I've been on a low dose since boy was two weeks old. That means it's been just about a complete year. When I started it to combat the postpartum depression that was controlling my life (and not in a good way, like how staying up to speed with "The Office" controls my DVR free space), my doctor told me that the plan was to stay on it for a year, or until I stopped breastfeeding, whichever came second. Well, I'm still breastfeeding, and have no immediate plans to stop, as long as boy still finds comfort in it -- it's a bond with him I've come to cherish deeply, and I see no reason to end it now. (That probably deserves its own post: breastfeeding a toddler. With eight teeth. And a wicked sense of humor.)
But what is on the horizon is the idea of having another baby. And if I can manage it, I'd rather go through this second pregnancy without extra medication in my system. I understand that it's considered fairly safe, and that many women need to be on Prozac or some other antidepressant while pregnant. I applaud them for doing what their bodies need, for taking care of themselves, because ultimately THAT'S what's best for the baby. It's just that if my body can do without it, that's the way I want to start off with this next baby.
About a month ago, with my doctor's support, I started taking my regular dose of Prozac only every other day. Did that for two weeks. Noticed no change in how I was feeling. Phase 1: Check.
Phase 2 was to cut back to just three times a week. I've been doing THAT for two weeks. So far, no change. Phase 2 is almost over. One more week of this, and it's phase 3: full stop.
I have high hopes. I'm feeling pretty good, and on days when I'm a bit cranky or down, I'm certain I would have been the same if I were still taking Prozac every day. (Contrary to popular belief, the meds don't make you blissful, or keep you from having ANY downs at all -- they just make your downs manageable, help you cope with them in a healthy way.)
It will be nice not to have to take it every day (then again, I'm doing the prenatal vitamin thing, so it's like swapping six of one for a half dozen of the other. But it's really just one of each. Ah, you know what I mean). At the same time, that medicine helped me get through a really rough spot, and if Prozac was a person, I'd owe it a lot of thanks.

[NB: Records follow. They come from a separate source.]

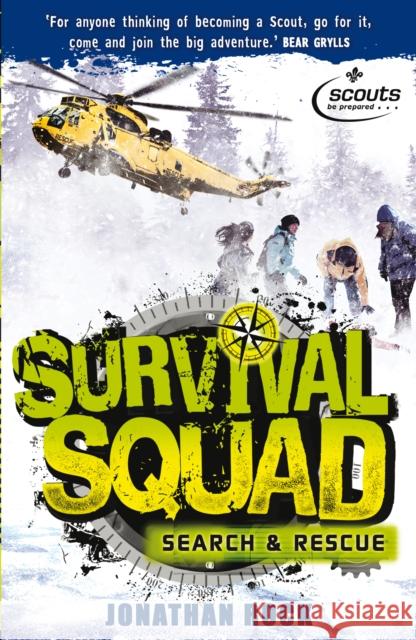 Search & Rescue Rock, Jonathan 9781862309661  - książka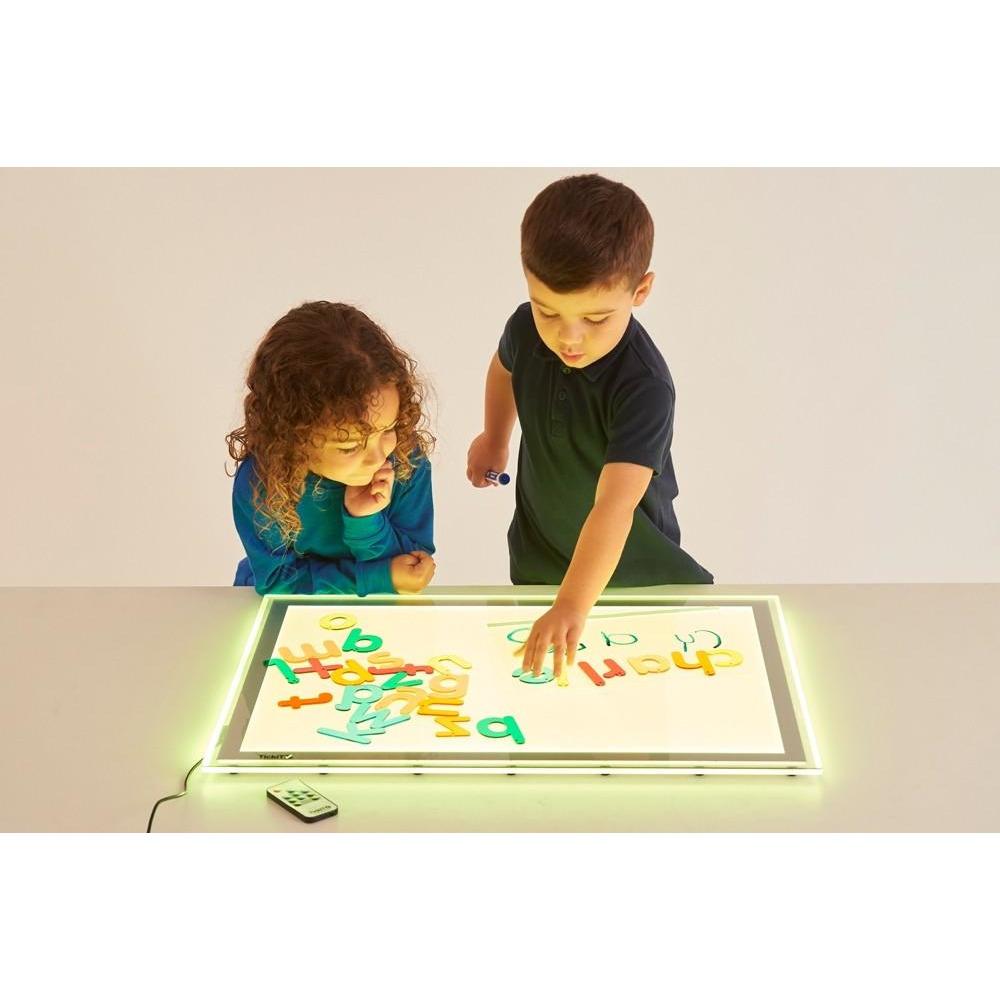 A2 Colour Changing Light Panel And Table - Little Whispers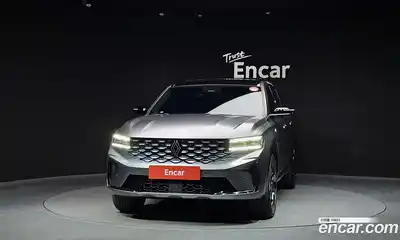 Renault Grand Koleos 2024 1.5 гидро в Москве № 1910973, миниатюра 3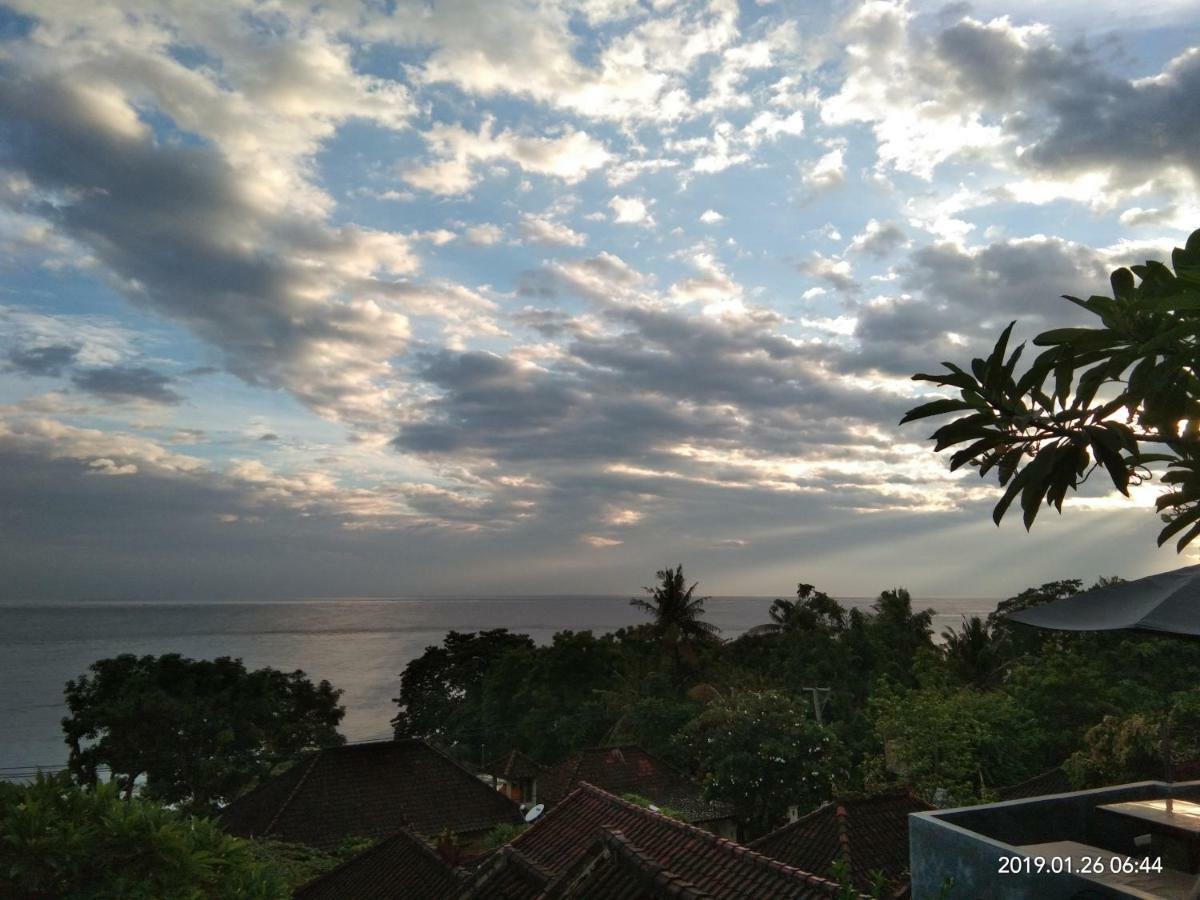 Bukit Indah Homestay Amed Exteriér fotografie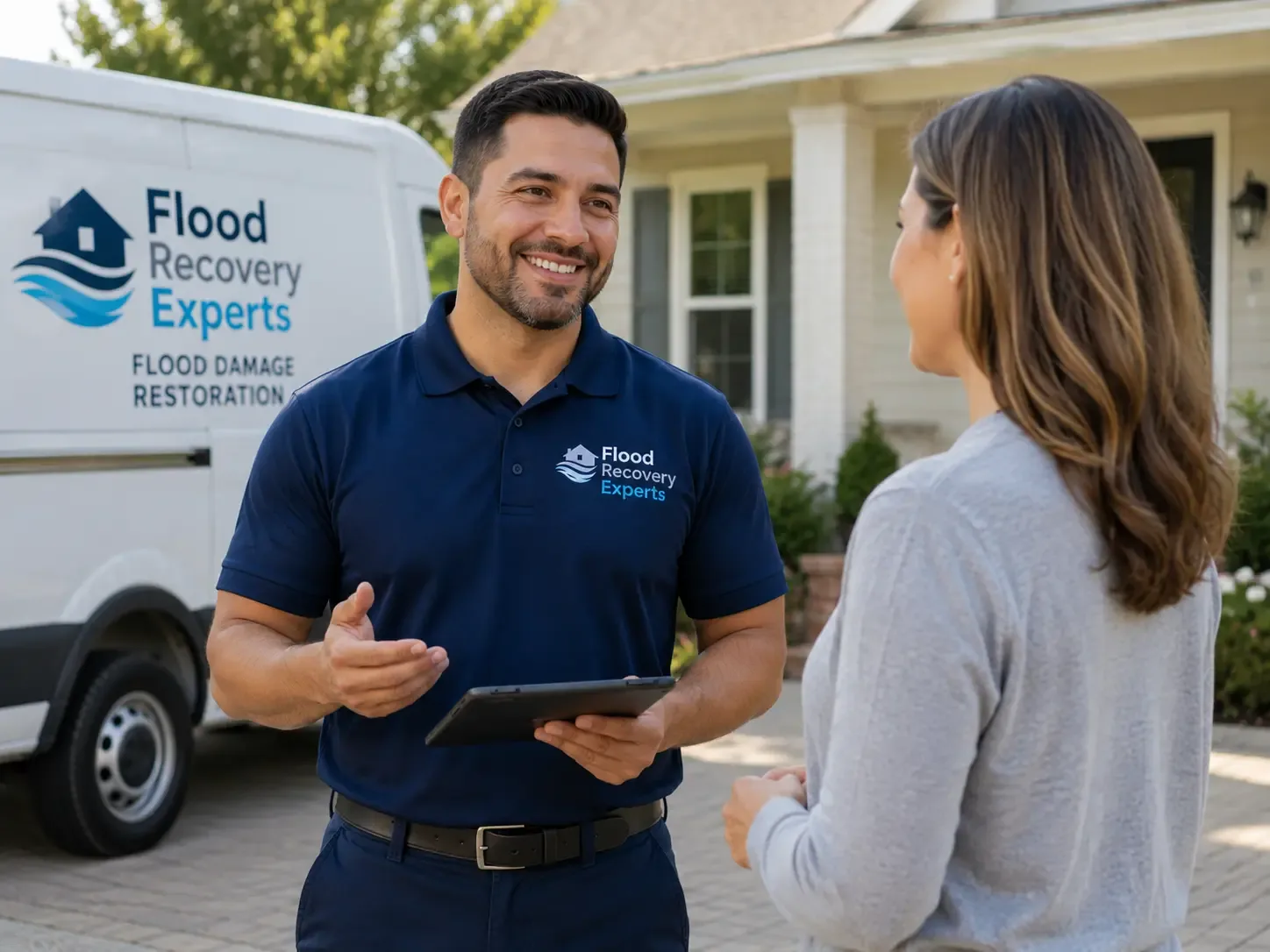 Flood Damage Cleanup Elmer, LA FAQs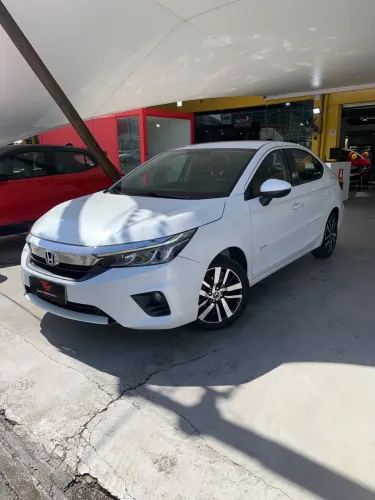 Honda City Sedan EXL 1.5 Flex 16V 4P Aut. 2022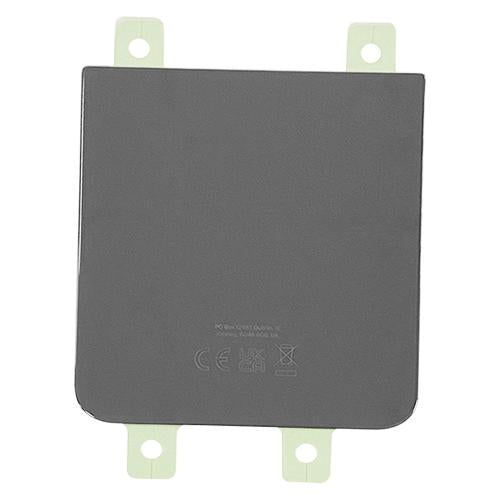 Samsung Mobile Galaxy Z Flip5 Back Glass Panel (Graphite) - GH98-48648A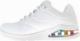 Skechers Buty damskie Skechers UNO 2 FLOATING (155521-WHT) 39.5 5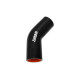 Cot 45° Cot silicon 45° - 45mm (1,77") | race-shop.ro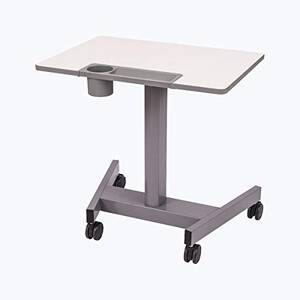 Luxor STUDENT-P Pneumatic Sit Stand Desk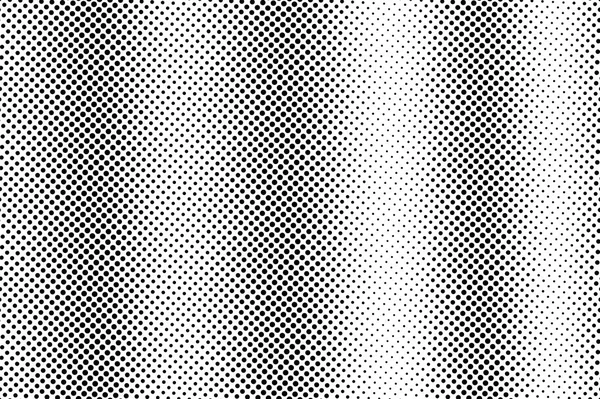 Textura Vetorial Preto Branco Meio Tom Superfície Perfurada Grungy Gradiente —  Vetores de Stock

So here's to you, P. Thank you for helping me surface out of the ocean of fear and anxiety that was my brain-space for two dark weeks. Thank you for helping me see that maybe losing 25 pounds in 10 days is too rapid a rate of weight loss for a new, nursing mother, and that maybe I should take better care of myself and actually eat something. (Come to think of it, you may have done that job too well.) Thank you for enabling me to open my eyes to the wonder of my little boy's tiny feet, to see the light in his bright eyes, rather than just seeing that it was time to change or feed him again. Thank you for helping me tumble head-over-heels in love with the little guy. I'd started down that path already, but you really cleared away my roadblocks, and there's certainly no turning back now.
If you were a person, I'd totally send you flowers. At least. Maybe even a lobster-gram. Definitely something expensive.
Because you made a tremendous difference. And I am so very grateful.